Your personality makes you who you are, and it can’t be ignored when you make career decisions. The quiet, orderly, calm, detail-oriented person will probably make a different work choice than the aggressive, outgoing, argumentative person will.
Each of us defines success and satisfaction in our own way. The process is complex and very personal. Two factors influence our conclusions about success and happiness: (1) knowing that we are achieving the life goals we’ve set for ourselves and (2) finding that we gain satisfaction from what we’re receiving from our work. If your values conflict with the organizational values where you work, you might be in for trouble.
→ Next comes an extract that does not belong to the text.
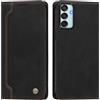rongki Custodia per Samsung Galaxy M52, Cover in Pelle Sintetica Portafoglio con Slot per Carte, Supporto, Chiusura Magnetica, Antiurto Case per Samsung Galaxy M52, Nero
From birth we develop particular interests. These interests help shape, and might even define, our career paths. Interests develop from experiences and beliefs and will continue to develop and change throughout our lives. Good career exploration begins with considering what you like to do and how it relates to your career choices. For example, you might be interested in writing for the college newspaper because you enjoyed writing for your high school newspaper. On the flip side, it’s not unusual to enter Psych 101 with a great interest in psychology and realize halfway through the course that psychology is not what you imagined. Because your interests are unique to you, you are the only person qualified to determine the course of action that will best suit these interests.
John Holland, a psychologist at Johns Hopkins University, developed a number of tools and concepts that can help you organize the various dimensions of yourself so that you can identify potential career choices. Holland suggests that people are separated into six general categories based on differences in their interests, skills, values, and personality characteristics; in short, their preferred approaches to life. Holland’s system organizes career fields into the same six categories. Career fields are grouped according to what a particular career field requires of a person (the skills and personality characteristics most commonly associated with success in those fields) and what rewards those fields provide (interests and values most commonly associated with satisfaction).
Your career choices ultimately will involve a complex assessment of the factors that are most important to you. To display the relationship between career fields and the potential conflicts people face as they consider them, Holland’s model is commonly presented in a hexagonal shape. The closer the types, the closer the relationships among the career fields; the farther apart the types, the more conflict between the career fields. Holland’s model can help you address the questions surrounding career choice in two ways. First, you can begin to identify many career fields that are consistent with what you know about yourself. Once you have identified potential fields, you can use the career center at your college to get more information about those fields, such as daily activities for specific jobs, interests and abilities required, preparation required for entry, working conditions, salary and benefits, and employment outlook. Second, you can begin to identify the harmony or conflicts in your career choices. Doing so will help you analyze the reasons for your career decisions and be more confident as you make choices.
Never, ever think that you have to make a decision based on the results of only one assessment. Career choices are complex and involve many factors; furthermore, these decisions are reversible. It is important not only to take time to talk your interests over with a career counselor, but also to shadow individuals in the occupations that interest you. Obtaining a better understanding of what an occupation entails in terms of skills, commitment, and opportunity will help you make informed decisions about your own career choices.
aptitude Natural talent or an ability an individual has acquired through life experience, study, or training.